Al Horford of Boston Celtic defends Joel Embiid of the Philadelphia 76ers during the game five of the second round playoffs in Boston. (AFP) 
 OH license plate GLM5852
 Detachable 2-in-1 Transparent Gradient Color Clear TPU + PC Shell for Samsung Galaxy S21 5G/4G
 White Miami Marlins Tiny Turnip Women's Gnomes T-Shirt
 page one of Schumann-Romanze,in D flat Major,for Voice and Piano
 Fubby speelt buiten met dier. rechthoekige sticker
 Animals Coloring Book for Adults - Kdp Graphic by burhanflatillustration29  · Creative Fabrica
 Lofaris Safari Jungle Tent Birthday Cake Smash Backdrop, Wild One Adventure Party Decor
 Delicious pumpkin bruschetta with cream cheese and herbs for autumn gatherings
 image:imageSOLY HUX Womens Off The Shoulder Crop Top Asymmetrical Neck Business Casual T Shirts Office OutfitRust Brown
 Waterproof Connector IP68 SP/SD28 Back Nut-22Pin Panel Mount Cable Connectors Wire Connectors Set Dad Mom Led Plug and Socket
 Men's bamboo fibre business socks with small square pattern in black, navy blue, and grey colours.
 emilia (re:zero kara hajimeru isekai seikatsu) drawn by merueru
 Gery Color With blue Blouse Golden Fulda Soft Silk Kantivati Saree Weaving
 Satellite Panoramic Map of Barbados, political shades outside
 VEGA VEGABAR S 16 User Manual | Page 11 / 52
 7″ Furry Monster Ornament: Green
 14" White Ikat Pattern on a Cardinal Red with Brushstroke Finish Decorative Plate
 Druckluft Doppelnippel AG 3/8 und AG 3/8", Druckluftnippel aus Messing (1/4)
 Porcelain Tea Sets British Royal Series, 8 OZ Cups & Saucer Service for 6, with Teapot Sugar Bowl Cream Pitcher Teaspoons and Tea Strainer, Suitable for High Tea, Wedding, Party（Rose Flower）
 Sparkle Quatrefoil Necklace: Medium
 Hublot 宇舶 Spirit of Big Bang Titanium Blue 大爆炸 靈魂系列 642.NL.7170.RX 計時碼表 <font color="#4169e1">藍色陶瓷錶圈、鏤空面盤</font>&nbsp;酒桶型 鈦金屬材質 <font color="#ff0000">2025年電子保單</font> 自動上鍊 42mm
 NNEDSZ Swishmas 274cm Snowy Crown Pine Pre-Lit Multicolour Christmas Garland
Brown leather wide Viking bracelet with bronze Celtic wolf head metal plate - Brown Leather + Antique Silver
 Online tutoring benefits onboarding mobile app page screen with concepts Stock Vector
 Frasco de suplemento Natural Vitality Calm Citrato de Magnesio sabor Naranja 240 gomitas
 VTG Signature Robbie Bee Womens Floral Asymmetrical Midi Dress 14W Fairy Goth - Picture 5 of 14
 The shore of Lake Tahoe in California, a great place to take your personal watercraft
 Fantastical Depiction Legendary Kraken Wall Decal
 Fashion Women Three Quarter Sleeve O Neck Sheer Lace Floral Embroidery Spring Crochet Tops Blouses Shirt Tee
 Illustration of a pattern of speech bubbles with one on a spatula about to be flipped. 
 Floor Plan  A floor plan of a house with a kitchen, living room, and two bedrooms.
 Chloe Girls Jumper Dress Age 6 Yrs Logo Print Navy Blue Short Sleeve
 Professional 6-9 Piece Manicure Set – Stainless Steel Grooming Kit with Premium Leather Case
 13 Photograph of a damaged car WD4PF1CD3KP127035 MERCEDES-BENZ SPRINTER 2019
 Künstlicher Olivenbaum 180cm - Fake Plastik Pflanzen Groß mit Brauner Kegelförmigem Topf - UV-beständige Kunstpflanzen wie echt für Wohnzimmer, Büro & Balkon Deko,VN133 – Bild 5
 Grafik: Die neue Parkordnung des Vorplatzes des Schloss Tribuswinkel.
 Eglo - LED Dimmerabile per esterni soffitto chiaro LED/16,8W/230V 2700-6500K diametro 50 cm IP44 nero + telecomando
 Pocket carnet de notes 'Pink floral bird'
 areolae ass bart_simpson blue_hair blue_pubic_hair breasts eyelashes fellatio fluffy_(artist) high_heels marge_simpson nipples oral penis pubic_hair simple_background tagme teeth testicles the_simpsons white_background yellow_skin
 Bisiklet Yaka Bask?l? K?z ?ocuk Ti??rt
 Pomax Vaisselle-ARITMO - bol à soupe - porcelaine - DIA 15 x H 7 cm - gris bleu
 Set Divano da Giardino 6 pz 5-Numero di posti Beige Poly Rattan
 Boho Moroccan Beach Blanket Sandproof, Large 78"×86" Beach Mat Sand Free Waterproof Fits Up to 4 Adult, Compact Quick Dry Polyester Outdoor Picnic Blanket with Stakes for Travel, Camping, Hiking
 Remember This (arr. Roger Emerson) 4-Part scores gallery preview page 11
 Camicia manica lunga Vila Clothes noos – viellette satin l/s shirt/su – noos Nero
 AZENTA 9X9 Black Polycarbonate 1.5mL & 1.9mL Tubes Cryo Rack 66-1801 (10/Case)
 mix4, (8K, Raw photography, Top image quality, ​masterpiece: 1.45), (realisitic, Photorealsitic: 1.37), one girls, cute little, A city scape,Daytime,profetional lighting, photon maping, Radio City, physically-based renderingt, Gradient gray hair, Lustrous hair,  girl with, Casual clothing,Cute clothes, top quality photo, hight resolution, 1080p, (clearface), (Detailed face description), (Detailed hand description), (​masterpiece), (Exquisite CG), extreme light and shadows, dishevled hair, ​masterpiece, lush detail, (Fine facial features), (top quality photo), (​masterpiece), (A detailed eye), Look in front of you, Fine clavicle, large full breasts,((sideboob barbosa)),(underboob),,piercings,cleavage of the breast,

→ Action item: Repeat only the lines starting at the one that contains "areolae ass bart_simpson" and ending at the last line above, exactly as written.

→ Solution:
 areolae ass bart_simpson blue_hair blue_pubic_hair breasts eyelashes fellatio fluffy_(artist) high_heels marge_simpson nipples oral penis pubic_hair simple_background tagme teeth testicles the_simpsons white_background yellow_skin
 Bisiklet Yaka Bask?l? K?z ?ocuk Ti??rt
 Pomax Vaisselle-ARITMO - bol à soupe - porcelaine - DIA 15 x H 7 cm - gris bleu
 Set Divano da Giardino 6 pz 5-Numero di posti Beige Poly Rattan
 Boho Moroccan Beach Blanket Sandproof, Large 78"×86" Beach Mat Sand Free Waterproof Fits Up to 4 Adult, Compact Quick Dry Polyester Outdoor Picnic Blanket with Stakes for Travel, Camping, Hiking
 Remember This (arr. Roger Emerson) 4-Part scores gallery preview page 11
 Camicia manica lunga Vila Clothes noos – viellette satin l/s shirt/su – noos Nero
 AZENTA 9X9 Black Polycarbonate 1.5mL & 1.9mL Tubes Cryo Rack 66-1801 (10/Case)
 mix4, (8K, Raw photography, Top image quality, ​masterpiece: 1.45), (realisitic, Photorealsitic: 1.37), one girls, cute little, A city scape,Daytime,profetional lighting, photon maping, Radio City, physically-based renderingt, Gradient gray hair, Lustrous hair,  girl with, Casual clothing,Cute clothes, top quality photo, hight resolution, 1080p, (clearface), (Detailed face description), (Detailed hand description), (​masterpiece), (Exquisite CG), extreme light and shadows, dishevled hair, ​masterpiece, lush detail, (Fine facial features), (top quality photo), (​masterpiece), (A detailed eye), Look in front of you, Fine clavicle, large full breasts,((sideboob barbosa)),(underboob),,piercings,cleavage of the breast,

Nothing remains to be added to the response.